If your team is selling, treat the second tour as a confirmation visit with witnesses. If you are buying, arrive with three must-prove items and permission to pass if any fail. Pair this read with our second tour question guide while you are still building the list, and with broker meeting packet guide when materials are not assembled yet.
Clarify what the second tour must prove
A second tour should confirm or eliminate specific unknowns. Write those down: power adequacy, yard rights, roof condition visible from the interior, lease roll timing, or whether shared truck courts actually work at peak.
If outdoor storage is part of the story, read our companion note on outdoor storage for commercial properties so screening, hours, and permitted uses stay on the same page as the building envelope. Share the list with your broker before you travel.
Reconcile the marketing package with what you already saw
Match the flyer or offering memorandum to your open questions, not to your entire wish list. Note where photos, dimensions, or occupancy descriptions changed since the first tour. Flag gaps early so the listing broker can clarify before you return.
Walk circulation with a narrower lens
On the site plan, trace truck approach, dock face, employee parking, and shared drive aisles again—but this time test the friction points you marked after the first visit.
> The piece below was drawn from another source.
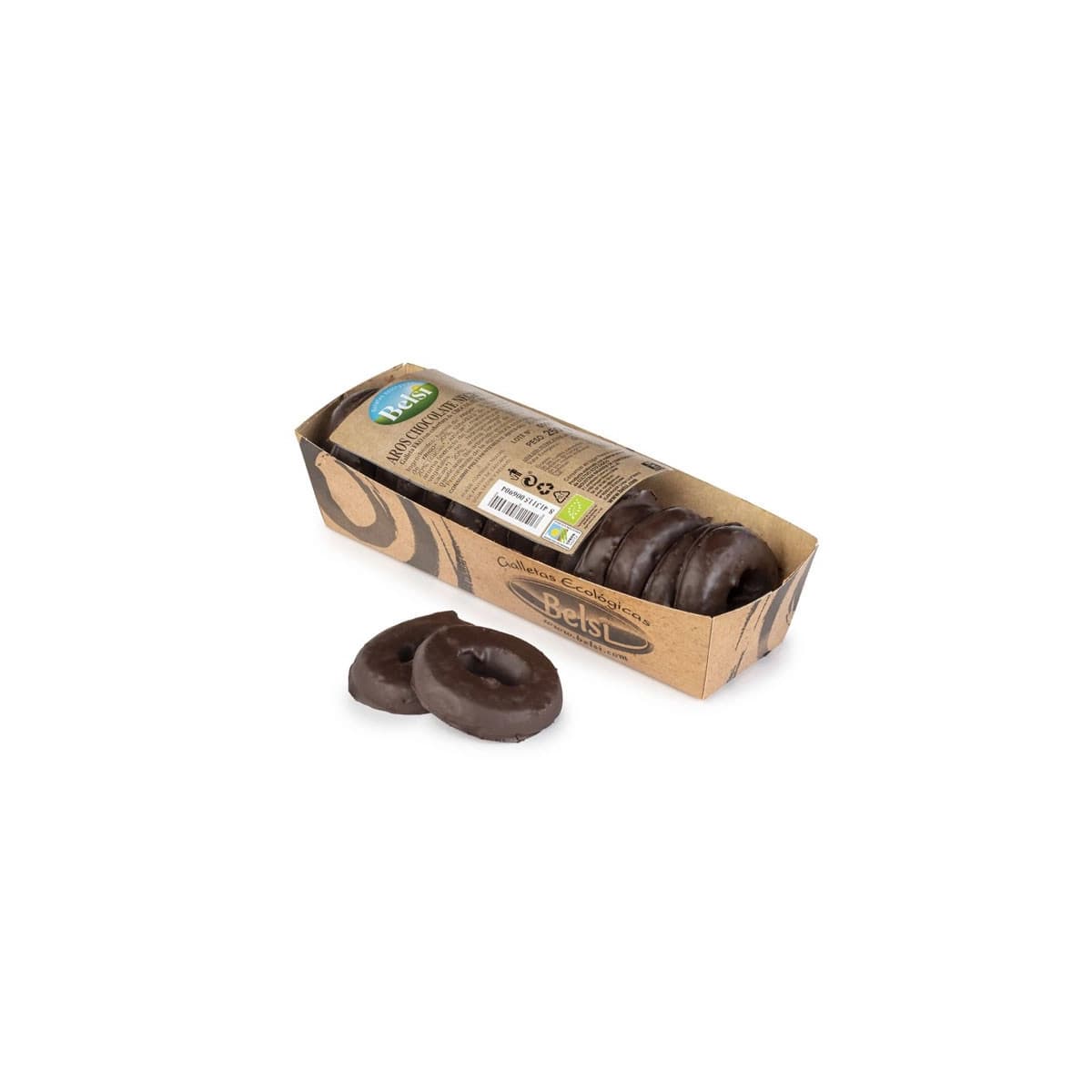 Galletas Aros cubierta de chocolate negro Bio 250g Belsi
Ask whether peak-season queues are common in the submarket. Stand where a driver would wait if two tenants receive deliveries at once.
In a multi-tenant park, ask how snow removal, pothole repair, and striping are funded. A second tour is a good time to watch another tenant's delivery if the seller can arrange it without disrupting operations.
Questions buyers say out loud on the pavement
On the second pass, buyers ask whether trucks can stage without blocking fire lanes, whether the roof was coated in the last five years, and whether any tenant stores materials outdoors overnight. They ask who pays for pothole repair in a shared park and whether another buyer is already in diligence. They ask to see the electrical room door open—not only the flyer amp count.
They ask whether environmental reports exist at summary level and who holds them. Frame answers as confirmations with documents attached when possible. "Does the phase one summary note any recognized environmental conditions?" invites a useful response.
Reuse a short diligence list
Second tours fail when everyone asks new questions and nobody records answers. Reuse the same prompts:
- Roof age and recent capital projects in plain language.
- Environmental phase one status at a summary level, plus who holds reports.
- Utility capacity labels and whether spare capacity is reserved for future tenants.
- Known encroachments, easements, or shared maintenance on truck courts.
- Outdoor storage rights, screening, and insurance expectations if yards matter to you.
Pair this list with our industrial site visit checklist for Georgia buyers if the first tour skipped a category you now need.
Lease legacy and occupied buildings
When you are buying occupied space, the second tour is often when lease abstracts and rent roll summaries meet the physical asset. Understand which leases roll during your hold period and which service contracts transfer. Bring the rent roll summary you prepared for the broker meeting—not a fresh rewrite from memory.
Power, loading, and interior fit
Second tours often focus on details photographs flatten: floor joints, column spacing, door alignment, and whether electrical room labels match the flyer. Loading questions should be specific: door size, leveler type, apron depth, and whether rail or port access matters to you.
Close the day with a decision
Capture photos your policy allows, note surprises, and assign one owner to update the short list. Decide whether you need a third pass, a written seller clarification, or a pass. If the property fails a must-have, say so internally the same day.